Also, CIO me arguing about a zombie movie. Braiiiiiiins...

remy bean, Thursday, 17 May 2007 17:15 (eighteen years ago)

three weeks pass...

28 Weeks Later, unlike 28 Days Later, is astonishing, I think. At the start, I thought "Oh no, here we go again with the stupid fast cut close-up action stuff of the end section of 28DL" but it used that texture sparingly and very effectively.

The evocation of a modern war zone was more effective than anything else I've seen, despite the fantasy element.

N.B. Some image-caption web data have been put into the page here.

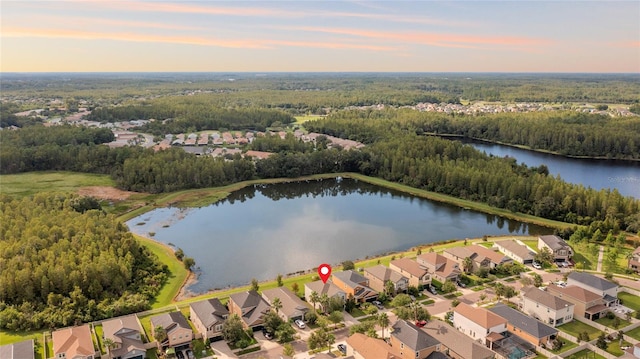 drone / aerial view with a water view, a forest view, and a residential view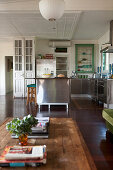 Offener Wohnraum im Vintagestil mit Holz-Couchtisch und Edelstahlküche im Hintergrund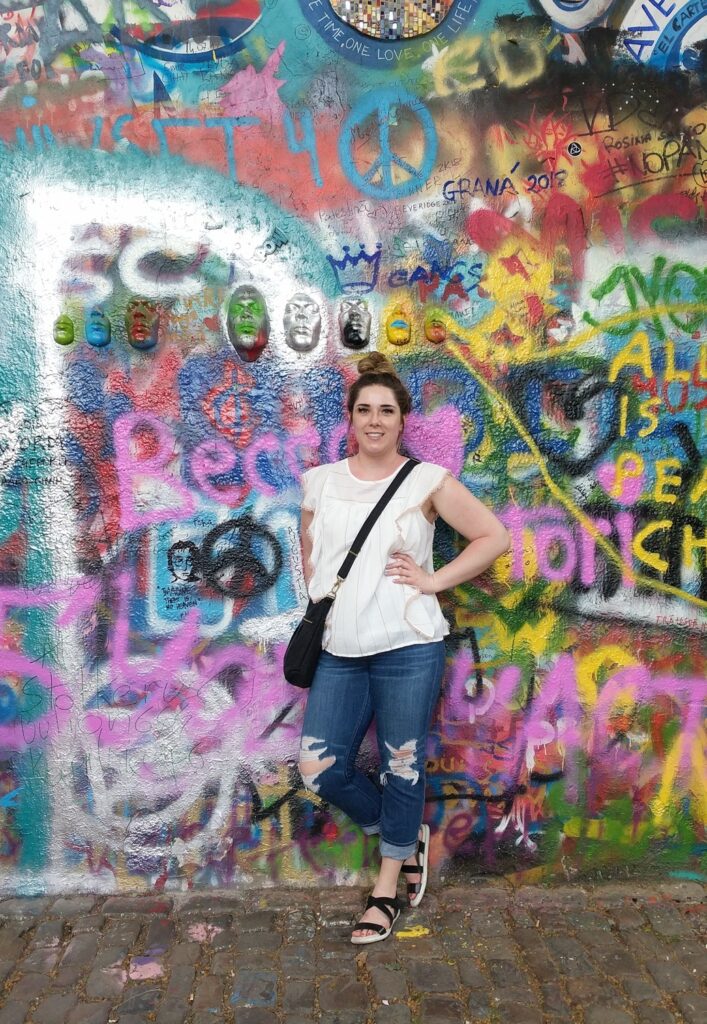 Janna Hagan with with graffiti on the background.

That scene where they start the duck shoot was so fucked-up and horrible, not through graphicness, but just from the "everything's fucked" thing really being rammed down your throat. I could hear people sniffling all around the cinema. You don't often get that with an action sequence.

Loved the bravely unlit section of night, turning into morning after they escaped.

Surprised that the new Wembley Stadium let them shoot there, for a film like that, coming out just as it launches. That really packed a punch too.

Rewatched Day of the Triffids TV series last week, and had forgotten just how much 28DL borrowed from it. It wasn't really that great, though. Should have left it as a childhood memory.

Alba, Wednesday, 13 June 2007 20:35 (eighteen years ago)

The evocation of a modern war zone was more effective than anything else I've seen, despite the fantasy element.

It wasn't as effective as similar scenes in Children of Men, I don't think.

I agree that it's a pretty impressive film, up to a point. The final act is pretty bog-standard zombie chasey stuff. The opening sequence, on the other hand, is magnificent.

chap, Wednesday, 13 June 2007 20:46 (eighteen years ago)

I thought about Children of Men on the way home, but though it had its strengths, I don't think that was really one of them, unless you count the whole thing as taking place in a war zone. The war zone bit at the end of COM was all a bit daft, for me.

28 Weeks Later had believable soldiers, being bored, being dumb fucks, being conflicted, being human. It had procedure. It has chaos. And, helpfully for someone who grew up in London, it had a context to which I could easily relate.

Alba, Wednesday, 13 June 2007 20:52 (eighteen years ago)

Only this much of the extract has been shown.